> **Work order**
Omit all pictures and transcribe only the lines in the entries below that run from the line with "970163bb-2942-409d-962f-2724ba7ccd72 Modern bathroom" through the line with "Full bath with".

BEGIN Data shown

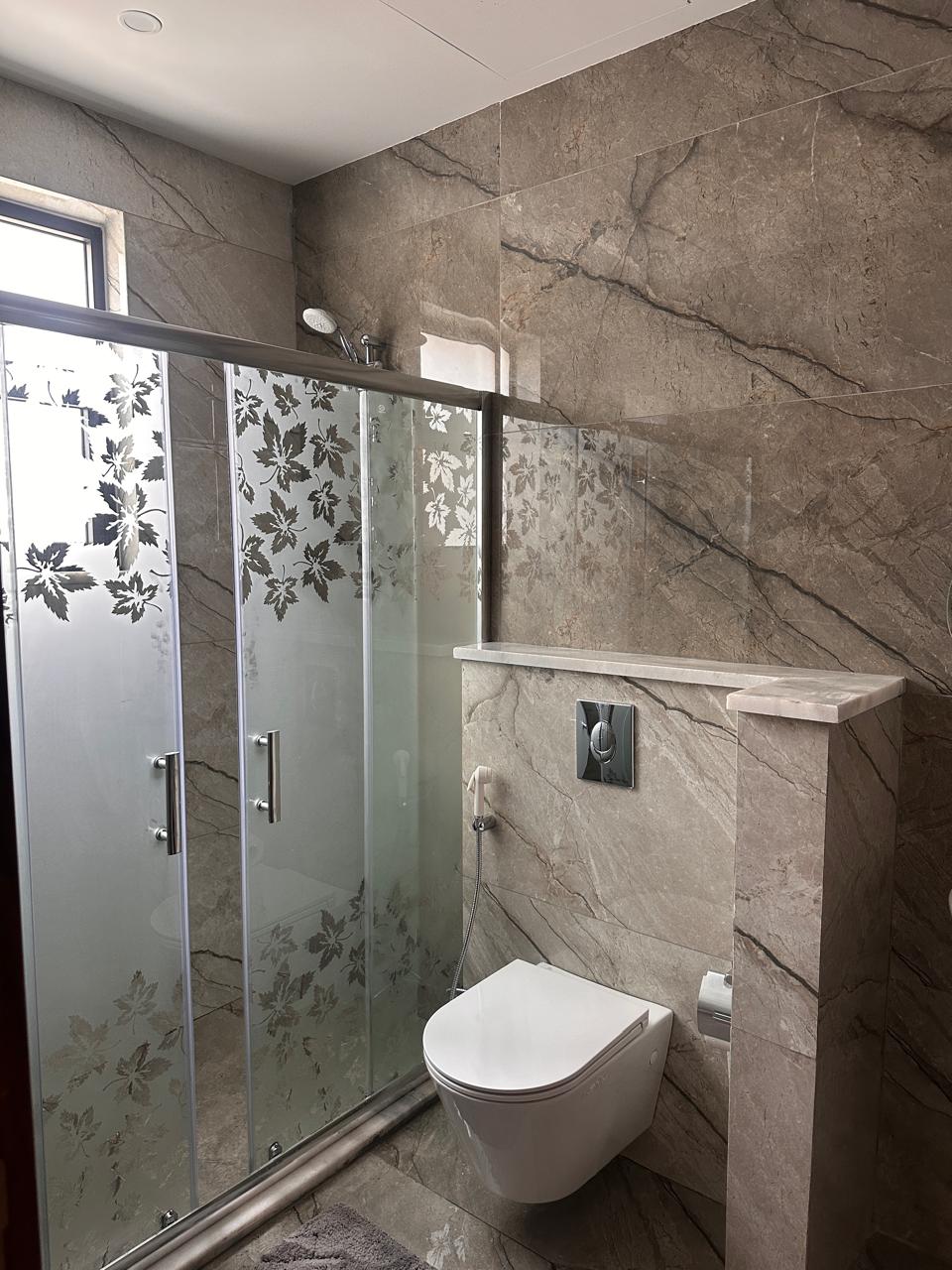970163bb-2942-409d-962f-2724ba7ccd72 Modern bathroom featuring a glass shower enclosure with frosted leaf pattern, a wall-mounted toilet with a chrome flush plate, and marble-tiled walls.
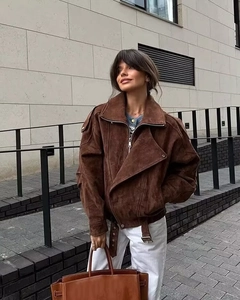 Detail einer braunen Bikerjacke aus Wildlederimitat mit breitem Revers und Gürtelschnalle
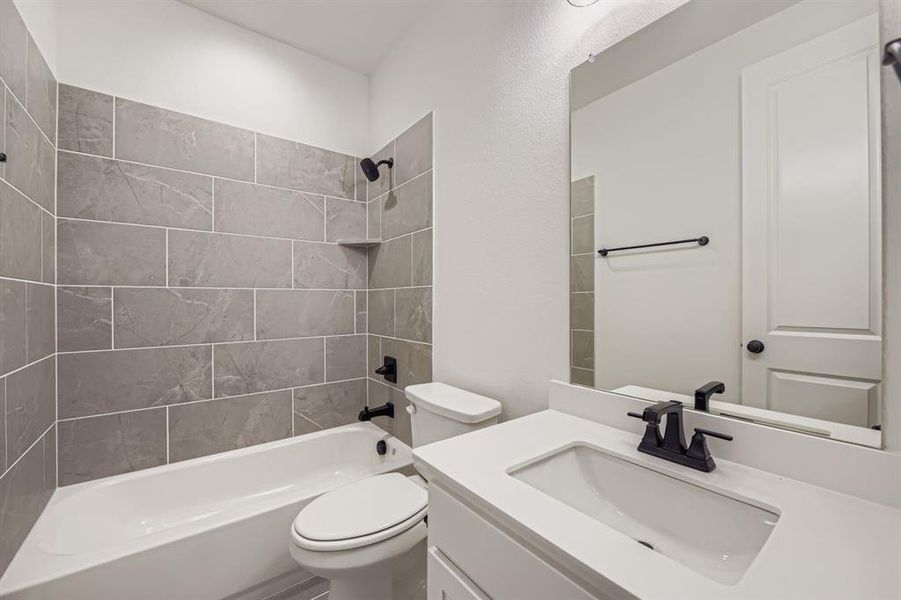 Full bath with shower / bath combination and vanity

END Data shown
BEGIN Data shown

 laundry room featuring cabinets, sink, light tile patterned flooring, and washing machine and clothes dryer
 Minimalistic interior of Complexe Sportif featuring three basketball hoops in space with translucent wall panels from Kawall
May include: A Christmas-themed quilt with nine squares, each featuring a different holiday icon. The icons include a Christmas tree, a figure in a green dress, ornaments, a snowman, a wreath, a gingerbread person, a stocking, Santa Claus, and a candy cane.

END Data shown

> **Solved exercise**
970163bb-2942-409d-962f-2724ba7ccd72 Modern bathroom featuring a glass shower enclosure with frosted leaf pattern, a wall-mounted toilet with a chrome flush plate, and marble-tiled walls.
 Detail einer braunen Bikerjacke aus Wildlederimitat mit breitem Revers und Gürtelschnalle
 Full bath with shower / bath combination and vanity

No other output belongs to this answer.